# General Cooking & Miscellaneous



## Lytle (Nov 6, 2008)

I noticed you guys move a lot of threads out of General Cooking, I think its because its not defined well enough. My thread about potlucks just got moved, but by the definitions thats where it belongs. I thought about it for a minute wondering if it should go in there or miscallaneous, but General cooking says to post QUESTIONS about cooking that dont fit anywhere else, where Miscallaneous says post RECIPES that dont belong anywhere else. When I look at the topics in there it seems almost opposite to what the definitions are but pretty much the same idea. Why not just merge the 2 together so you wont have to move so many threads out of general cooking? Its basically the same thing anyway - things that dont belong anywhere else. Anyway, just a thought.


----------



## Michael in FtW (Nov 6, 2008)

Thanks for bringing this to our attention, Lytle. Some verbage is left over from 2004/2005 when we revamped DC - and we may need to tighten our definitions.

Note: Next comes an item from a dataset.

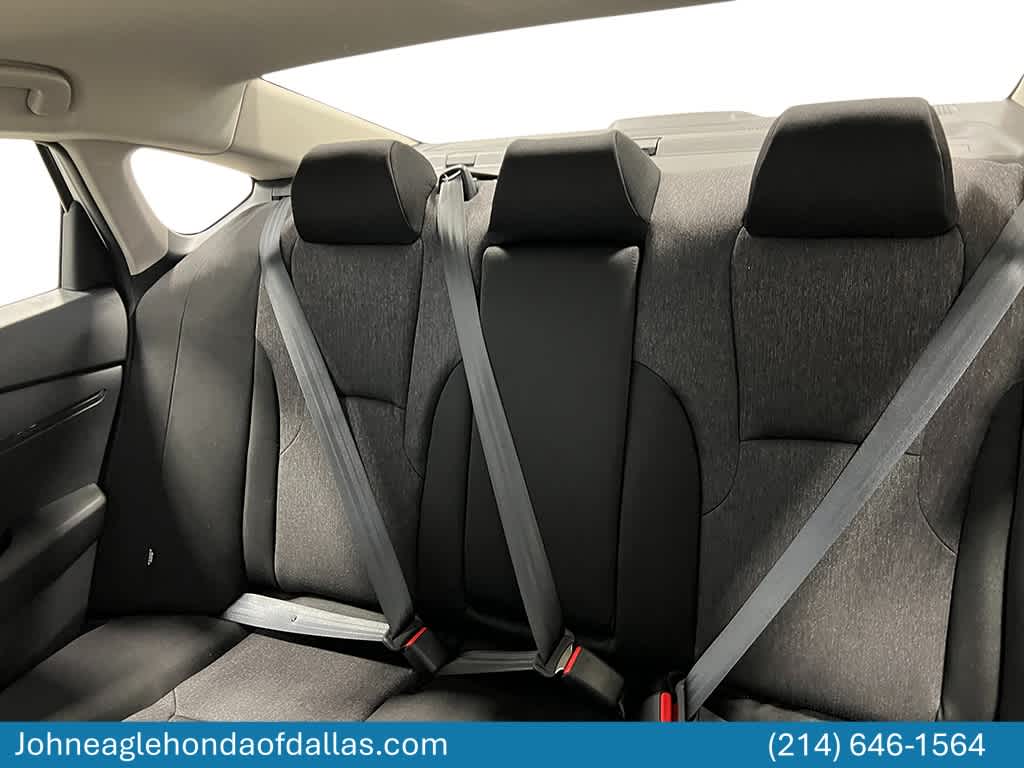 Thumbnail: 2025 Honda Accord - 25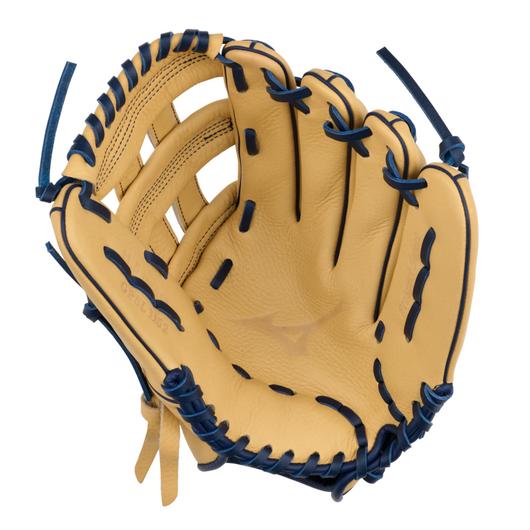 GPSL1152 Prospect Select BB Series Infield Baseball Glove 11.5", H Web, ButterSoft Palm Liner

Since your thread on "potlucks" is about an "event" and not a real cooking question - I have moved it to our Special Events & Planning forum for you.


----------



## Lytle (Nov 7, 2008)

Cool I never noticed that forum before, put it where I did cause it was a question, not something I needed to know just a question to spark discussion. Not really worried about where my post was though, just trying to help yas clean up cause I noticed those 2 forums had an incredible amount of moved posts.


----------